* _Requirement_
The answer should hold only the lines from the one containing "Black snapback hat" through the one containing "Zangaram-se as Cores do Arco-Íris !" in the entries below, copied exactly, without pictures.

* _Records to process_
====
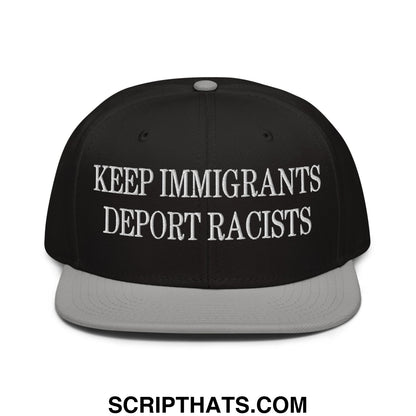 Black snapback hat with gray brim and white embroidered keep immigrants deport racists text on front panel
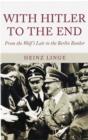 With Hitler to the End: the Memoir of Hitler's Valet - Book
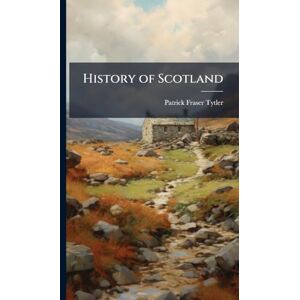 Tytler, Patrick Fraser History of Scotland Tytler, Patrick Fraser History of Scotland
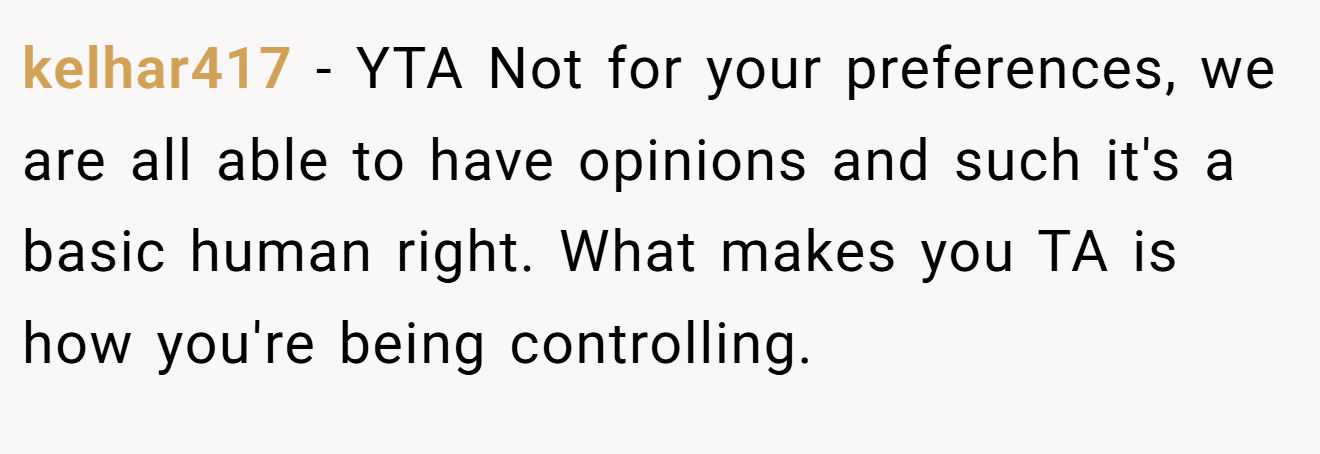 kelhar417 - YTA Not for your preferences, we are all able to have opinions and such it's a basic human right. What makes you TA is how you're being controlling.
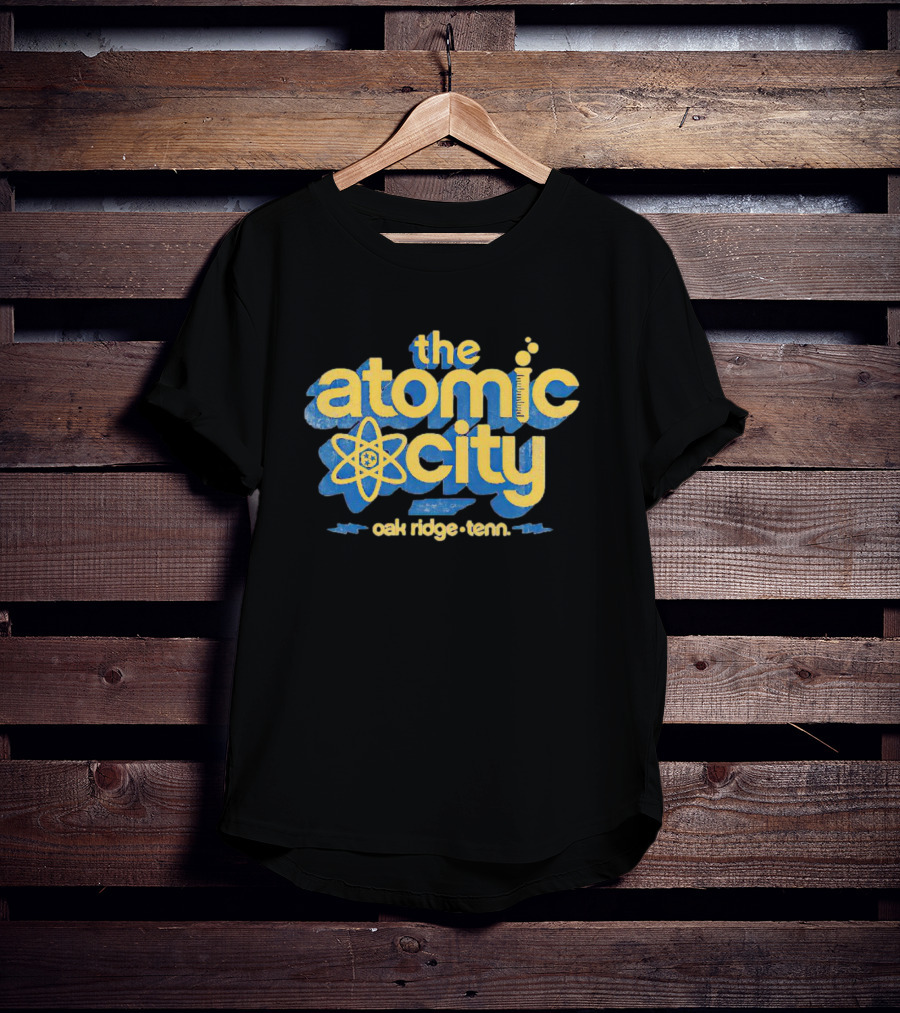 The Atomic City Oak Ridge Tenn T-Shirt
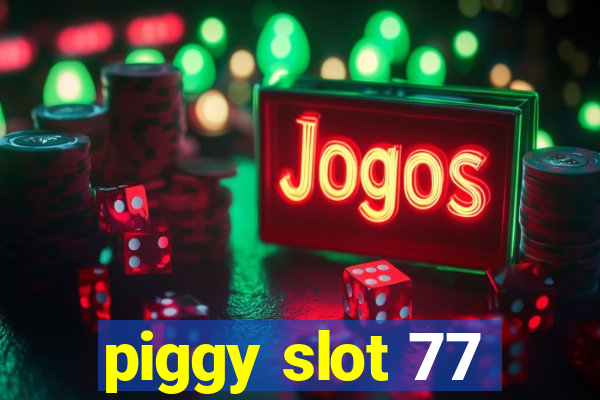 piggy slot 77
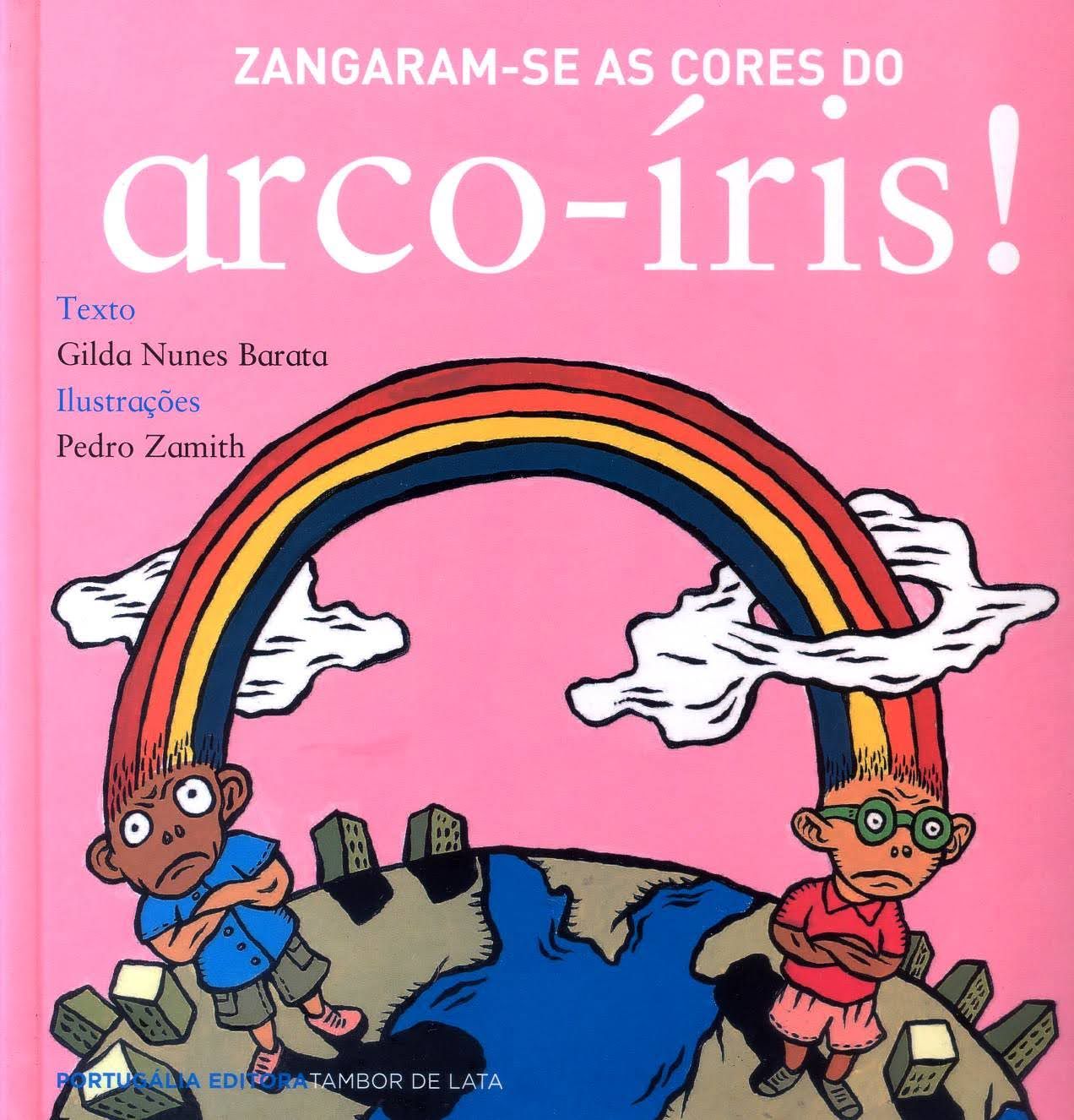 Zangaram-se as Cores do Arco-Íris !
====
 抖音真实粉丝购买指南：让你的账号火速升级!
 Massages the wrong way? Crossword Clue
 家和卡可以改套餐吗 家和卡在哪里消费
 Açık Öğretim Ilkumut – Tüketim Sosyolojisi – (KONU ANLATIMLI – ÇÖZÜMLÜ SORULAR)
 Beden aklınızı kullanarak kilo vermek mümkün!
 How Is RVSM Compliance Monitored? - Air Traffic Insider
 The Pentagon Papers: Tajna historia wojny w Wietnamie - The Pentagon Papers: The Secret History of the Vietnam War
====
* _Reply to the task_
 Black snapback hat with gray brim and white embroidered keep immigrants deport racists text on front panel
 With Hitler to the End: the Memoir of Hitler's Valet - Book
 Tytler, Patrick Fraser History of Scotland Tytler, Patrick Fraser History of Scotland
 kelhar417 - YTA Not for your preferences, we are all able to have opinions and such it's a basic human right. What makes you TA is how you're being controlling.
 The Atomic City Oak Ridge Tenn T-Shirt
 piggy slot 77
 Zangaram-se as Cores do Arco-Íris !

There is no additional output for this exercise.